Fig. 4: Distributions of constrained and unconstrained GSAT changes.
figure 4

a,b, GSAT changes are in 2081–2100 (SSP5-8.5 in a and SSP1-2.6 in b) relative to 1850–1900. The black curves show unconstrained projections, while the blue curves show projections constrained using the raw GSAT trend as a predictor. The red curves show projections constrained using the GSAT trend with ETP internal variability removed as a predictor (the scatter plot illustrating the PDF can be found in Extended Data Fig. 8). The corresponding 5–95% uncertainty ranges are shown by the horizonal lines with means shown as vertical tick marks. The orange lines show IPCC-assessed projections33,34. The grey lines show constrained projections from multivariate linear regression models, based on a set of climatological metrics derived from tropical and subtropical low-level cloud. Following Liang et al.6, the first of these two cloud metrics is derived from the regression coefficient of monthly marine boundary layer cloud fraction against SST changes across the seasonal cycle averaged over the subtropics. The second cloud metric characterizes cloud shallowness defined by Brient et al.10 based on the ratio of cloud fraction at levels below 900 hPa to that below 800 hPa over weakly subsiding tropics based on a climatology over the 1980–2005 period. The faint grey vertical line in b marks the 2 °C global warming threshold of the Paris Agreement. Similar results relative to the base period 1995–2014 are shown in Extended Data Fig. 7.

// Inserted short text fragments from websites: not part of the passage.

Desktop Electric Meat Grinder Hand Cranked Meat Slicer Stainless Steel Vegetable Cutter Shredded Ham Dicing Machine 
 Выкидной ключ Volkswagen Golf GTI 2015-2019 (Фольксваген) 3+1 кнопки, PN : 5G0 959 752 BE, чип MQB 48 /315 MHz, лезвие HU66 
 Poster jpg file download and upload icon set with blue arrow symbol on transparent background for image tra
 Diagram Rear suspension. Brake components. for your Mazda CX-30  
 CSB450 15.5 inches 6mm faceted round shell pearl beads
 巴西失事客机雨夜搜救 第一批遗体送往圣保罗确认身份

The GSAT trend predictor with the unforced ETP variability removed thus results in a higher constrained mean and narrower constrained uncertainty range, compared with projections constrained with the raw GSAT trend (Fig. 4). The projections constrained using the GSAT trend with the unforced ETP variability removed are also in closer agreement with the projections constrained using climatological cloud metrics (Fig. 4), which are only weakly affected by internal variability6.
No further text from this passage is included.